▶ _Problem description_
Up to and including the line with "time consuming process", copy the records below exactly from their first line.

Records from a collection:
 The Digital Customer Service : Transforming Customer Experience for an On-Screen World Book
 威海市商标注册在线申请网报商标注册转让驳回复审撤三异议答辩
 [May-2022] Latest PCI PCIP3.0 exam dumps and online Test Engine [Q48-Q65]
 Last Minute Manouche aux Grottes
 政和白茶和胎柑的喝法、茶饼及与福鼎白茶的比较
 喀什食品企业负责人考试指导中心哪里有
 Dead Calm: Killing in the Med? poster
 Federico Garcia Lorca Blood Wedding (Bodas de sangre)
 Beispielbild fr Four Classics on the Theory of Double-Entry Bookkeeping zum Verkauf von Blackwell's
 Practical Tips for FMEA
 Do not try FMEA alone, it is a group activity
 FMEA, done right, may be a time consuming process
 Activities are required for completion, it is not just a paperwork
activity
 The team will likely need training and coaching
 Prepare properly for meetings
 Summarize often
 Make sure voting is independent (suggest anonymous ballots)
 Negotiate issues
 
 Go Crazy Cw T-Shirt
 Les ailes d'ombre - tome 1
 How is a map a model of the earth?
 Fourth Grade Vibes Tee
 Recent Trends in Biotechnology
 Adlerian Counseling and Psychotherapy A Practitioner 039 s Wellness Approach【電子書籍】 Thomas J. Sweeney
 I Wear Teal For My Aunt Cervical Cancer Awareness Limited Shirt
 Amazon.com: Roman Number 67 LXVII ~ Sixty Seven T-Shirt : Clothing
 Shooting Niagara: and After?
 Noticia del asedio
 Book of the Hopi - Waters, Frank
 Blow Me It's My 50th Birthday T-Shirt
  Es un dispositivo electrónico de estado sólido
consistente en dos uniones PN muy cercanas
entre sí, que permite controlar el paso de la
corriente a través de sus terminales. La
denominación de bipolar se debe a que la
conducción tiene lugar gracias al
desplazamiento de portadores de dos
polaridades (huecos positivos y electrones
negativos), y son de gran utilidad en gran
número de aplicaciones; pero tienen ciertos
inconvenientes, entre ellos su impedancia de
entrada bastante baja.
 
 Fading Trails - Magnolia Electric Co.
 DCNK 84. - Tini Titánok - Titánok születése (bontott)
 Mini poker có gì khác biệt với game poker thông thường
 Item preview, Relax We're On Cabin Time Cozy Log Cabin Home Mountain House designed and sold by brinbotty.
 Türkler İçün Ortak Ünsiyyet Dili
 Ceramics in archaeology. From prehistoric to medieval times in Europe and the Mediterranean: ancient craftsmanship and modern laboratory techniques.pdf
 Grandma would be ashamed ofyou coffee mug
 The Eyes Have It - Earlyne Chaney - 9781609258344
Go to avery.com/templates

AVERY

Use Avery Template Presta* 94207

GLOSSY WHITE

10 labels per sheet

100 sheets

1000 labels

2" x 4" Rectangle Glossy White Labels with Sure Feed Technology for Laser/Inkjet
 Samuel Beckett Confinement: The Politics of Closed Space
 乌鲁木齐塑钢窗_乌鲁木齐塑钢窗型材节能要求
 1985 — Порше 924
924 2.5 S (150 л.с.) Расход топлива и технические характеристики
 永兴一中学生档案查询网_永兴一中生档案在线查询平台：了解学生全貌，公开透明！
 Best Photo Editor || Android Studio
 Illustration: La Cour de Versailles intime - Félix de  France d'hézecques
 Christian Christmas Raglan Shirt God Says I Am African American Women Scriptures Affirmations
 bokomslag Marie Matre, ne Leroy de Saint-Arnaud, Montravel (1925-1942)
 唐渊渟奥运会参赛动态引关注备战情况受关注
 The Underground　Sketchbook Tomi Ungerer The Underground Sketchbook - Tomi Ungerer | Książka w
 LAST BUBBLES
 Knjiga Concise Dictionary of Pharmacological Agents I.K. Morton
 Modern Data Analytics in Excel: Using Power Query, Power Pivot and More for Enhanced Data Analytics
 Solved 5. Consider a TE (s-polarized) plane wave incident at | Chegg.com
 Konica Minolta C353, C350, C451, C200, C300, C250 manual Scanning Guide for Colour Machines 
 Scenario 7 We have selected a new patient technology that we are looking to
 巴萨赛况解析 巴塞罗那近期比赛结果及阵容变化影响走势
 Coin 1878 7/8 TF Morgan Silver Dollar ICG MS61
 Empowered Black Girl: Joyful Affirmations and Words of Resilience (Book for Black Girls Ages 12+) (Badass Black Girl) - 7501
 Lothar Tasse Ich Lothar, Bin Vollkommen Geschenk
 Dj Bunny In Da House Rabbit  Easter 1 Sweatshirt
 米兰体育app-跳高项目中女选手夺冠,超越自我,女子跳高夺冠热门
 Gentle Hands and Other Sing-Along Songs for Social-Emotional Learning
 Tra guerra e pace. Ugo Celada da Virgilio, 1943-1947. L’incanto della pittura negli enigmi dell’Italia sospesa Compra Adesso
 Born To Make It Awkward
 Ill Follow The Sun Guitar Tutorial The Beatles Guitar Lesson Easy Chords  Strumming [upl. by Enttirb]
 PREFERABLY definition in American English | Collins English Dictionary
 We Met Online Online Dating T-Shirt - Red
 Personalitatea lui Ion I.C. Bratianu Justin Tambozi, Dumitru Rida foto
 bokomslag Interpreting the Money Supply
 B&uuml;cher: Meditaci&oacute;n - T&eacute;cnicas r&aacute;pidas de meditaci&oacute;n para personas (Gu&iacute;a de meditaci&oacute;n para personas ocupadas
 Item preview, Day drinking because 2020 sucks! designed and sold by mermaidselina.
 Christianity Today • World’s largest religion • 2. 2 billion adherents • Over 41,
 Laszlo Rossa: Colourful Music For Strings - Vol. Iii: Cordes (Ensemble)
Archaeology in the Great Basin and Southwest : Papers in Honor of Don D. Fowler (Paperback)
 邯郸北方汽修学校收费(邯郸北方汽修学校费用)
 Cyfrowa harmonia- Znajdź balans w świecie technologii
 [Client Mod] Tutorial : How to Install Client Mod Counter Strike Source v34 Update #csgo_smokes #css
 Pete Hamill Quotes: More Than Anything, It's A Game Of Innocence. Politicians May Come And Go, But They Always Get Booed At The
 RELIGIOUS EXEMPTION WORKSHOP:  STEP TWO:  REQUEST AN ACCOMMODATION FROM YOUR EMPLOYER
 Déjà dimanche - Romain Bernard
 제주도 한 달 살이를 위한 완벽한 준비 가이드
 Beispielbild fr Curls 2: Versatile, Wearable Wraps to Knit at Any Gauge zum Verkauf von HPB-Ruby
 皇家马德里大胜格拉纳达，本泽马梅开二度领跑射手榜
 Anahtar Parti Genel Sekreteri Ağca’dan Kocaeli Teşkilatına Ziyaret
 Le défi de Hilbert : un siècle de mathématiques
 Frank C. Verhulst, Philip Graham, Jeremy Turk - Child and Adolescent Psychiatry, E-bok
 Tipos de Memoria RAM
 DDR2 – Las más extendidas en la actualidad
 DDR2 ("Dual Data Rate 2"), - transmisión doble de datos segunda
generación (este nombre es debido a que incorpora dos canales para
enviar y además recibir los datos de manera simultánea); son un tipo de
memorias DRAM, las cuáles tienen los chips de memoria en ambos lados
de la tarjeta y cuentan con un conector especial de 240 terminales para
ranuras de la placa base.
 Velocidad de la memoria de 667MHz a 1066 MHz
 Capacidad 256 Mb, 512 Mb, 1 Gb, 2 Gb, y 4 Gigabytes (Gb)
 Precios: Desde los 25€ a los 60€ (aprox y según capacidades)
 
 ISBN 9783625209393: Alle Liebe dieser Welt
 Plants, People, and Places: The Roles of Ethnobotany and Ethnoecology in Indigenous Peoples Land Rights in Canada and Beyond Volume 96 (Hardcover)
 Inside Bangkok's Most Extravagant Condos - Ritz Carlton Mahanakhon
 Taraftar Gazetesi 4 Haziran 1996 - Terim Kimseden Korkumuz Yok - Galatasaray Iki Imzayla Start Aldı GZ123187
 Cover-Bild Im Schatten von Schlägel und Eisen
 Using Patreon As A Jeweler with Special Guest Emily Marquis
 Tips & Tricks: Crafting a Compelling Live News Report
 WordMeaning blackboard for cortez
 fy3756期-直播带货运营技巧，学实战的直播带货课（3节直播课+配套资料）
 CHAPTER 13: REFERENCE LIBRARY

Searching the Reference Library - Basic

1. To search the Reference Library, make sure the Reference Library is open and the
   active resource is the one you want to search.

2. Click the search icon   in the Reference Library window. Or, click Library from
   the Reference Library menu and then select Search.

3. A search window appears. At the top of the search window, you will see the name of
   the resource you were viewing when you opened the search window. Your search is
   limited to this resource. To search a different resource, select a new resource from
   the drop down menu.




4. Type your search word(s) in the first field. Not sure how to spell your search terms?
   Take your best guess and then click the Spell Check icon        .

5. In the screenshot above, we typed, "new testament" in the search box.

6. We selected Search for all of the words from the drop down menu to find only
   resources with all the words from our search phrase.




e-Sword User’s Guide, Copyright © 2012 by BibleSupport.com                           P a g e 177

▶ _Solution_
 The Digital Customer Service : Transforming Customer Experience for an On-Screen World Book
 威海市商标注册在线申请网报商标注册转让驳回复审撤三异议答辩
 [May-2022] Latest PCI PCIP3.0 exam dumps and online Test Engine [Q48-Q65]
 Last Minute Manouche aux Grottes
 政和白茶和胎柑的喝法、茶饼及与福鼎白茶的比较
 喀什食品企业负责人考试指导中心哪里有
 Dead Calm: Killing in the Med? poster
 Federico Garcia Lorca Blood Wedding (Bodas de sangre)
 Beispielbild fr Four Classics on the Theory of Double-Entry Bookkeeping zum Verkauf von Blackwell's
 Practical Tips for FMEA
 Do not try FMEA alone, it is a group activity
 FMEA, done right, may be a time consuming process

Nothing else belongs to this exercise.